RICHMOND, Va. -- For a half-century, Irving Koslow's Standard Hardware and Supply at 1714 E. Main Street was the place for masons and other tradespeople.
I met Mr. Koslow soon after moving to Richmond in 1980 as an apprentice bricklayer, working on the James Monroe tower.
He was as old-school as they come - a bit of a curmudgeon.
"He had very little patience for people that didn't know" what they were doing, recalled his son, Mark Koskow, a retired Richmond cop and a longtime artist. "I remember many times he said, 'Hold it up to the phone so I can see it better.'"
Amazingly, Koslow's building sat empty in a busy and trendy Shockoe Bottom for the better part of 25 years after he retired in 1991. (He died in 2007.)
"He always thought that the Bottom was going to be worthwhile" as far as property values, Mark Koslow said.
Three years ago, it came down to fixing up the 110-year-old-or-so building, demolishing or selling.
"We decided that we were going to put a gallery and studio space down here," he said. "We bit the bullet, put the money into the building and this is what we've got."
"We" is Koslow and his wife, Susan Gaible. Both are skilled clay potters.
Their passion shaped and fired Shockoe Bottom Clay, a beautifully remodeled building filled with the works - and works-in-progress - of an amazingly diverse group of clay-throwers and sculptors.
"What's interesting about the gallery is we have no employees," Gaible said. "Everyone that has art space here . . . also works the front end of the gallery. And we have 30 local artists."
There are studio spaces upstairs and downstairs, along with a kitchen, common area, gallery and lots of kilns, big and little.
If it can be dreamed of in clay, chances are you can find it here.
Artist Sally Ann McKinsey Sisk came here from Atlanta because she loves the vibe.
"Mark and Susan are fabulous and I love what they've got going here," she said while working in her upstairs studio. "But I have also been drawn to the history of Shockoe Bottom and what it means to be making pots here, given the history of the slave trade."

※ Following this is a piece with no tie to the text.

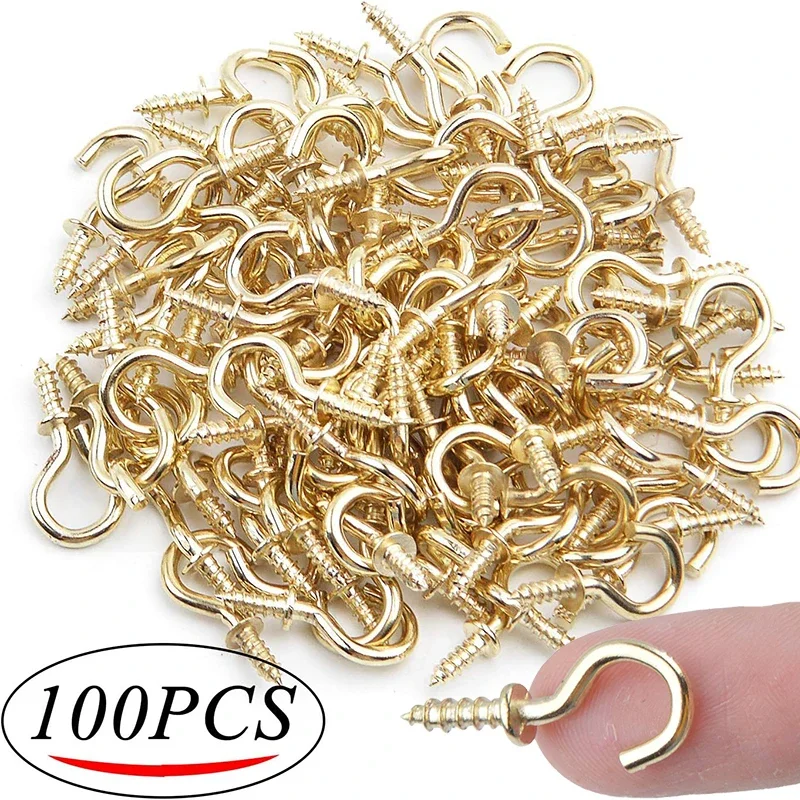 50/100pcs Screw-in Hooks Iron Mini Hanger Cup Extend Hook for Outdoor String Lights Ceiling Hanging Plants Mug Arts Decorations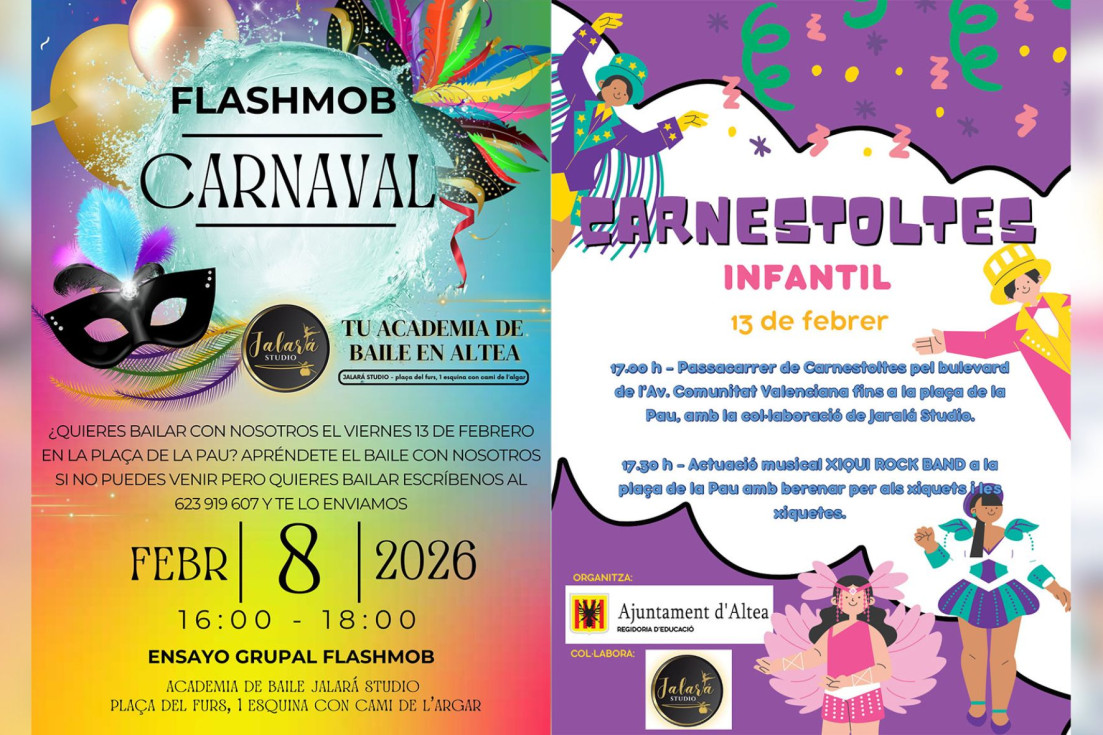 El Carnaval Infantil de Altea llenará de magia Disney el centro urbano con desfile, música y animación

Shockoe Bottom has been so many things: An early southern port. A place where slaves were sold, hung and buried. A thriving industrial district with a thriving cafeteria. A flood zone. A place where beatnicks squatted in abandoned buildings. A thriving hangout for musicians and music lovers. A restaurant and club district. An off-and-on danger and dumb-trouble zone. A sprawling apartment and condo district.
"We really want to make a difference in the Bottom," Koslow said. "We want to see this type of thing - more of this type of retail space, art space, makers-type places - open up in the Bottom. We get a lot of tourists down here and they're looking for places like this."
Gaible said tourists arrive by training or touring the Bottom stop in on their way to or from the Poe Museum.
It certainly feels like a prime spot for galleries and artist collectives/hangouts.
So what would old-school Irving Koslow think of this new, artsy turn for his tough old building?
"He would be absolutely thrilled to see that we've fixed the building up," Mark Koslow said, "and we've done something with it."
There is a sweet symmetry to the idea that this old building popular with brick-masons from around the region is now a place where artists shape and bake clay in the raw.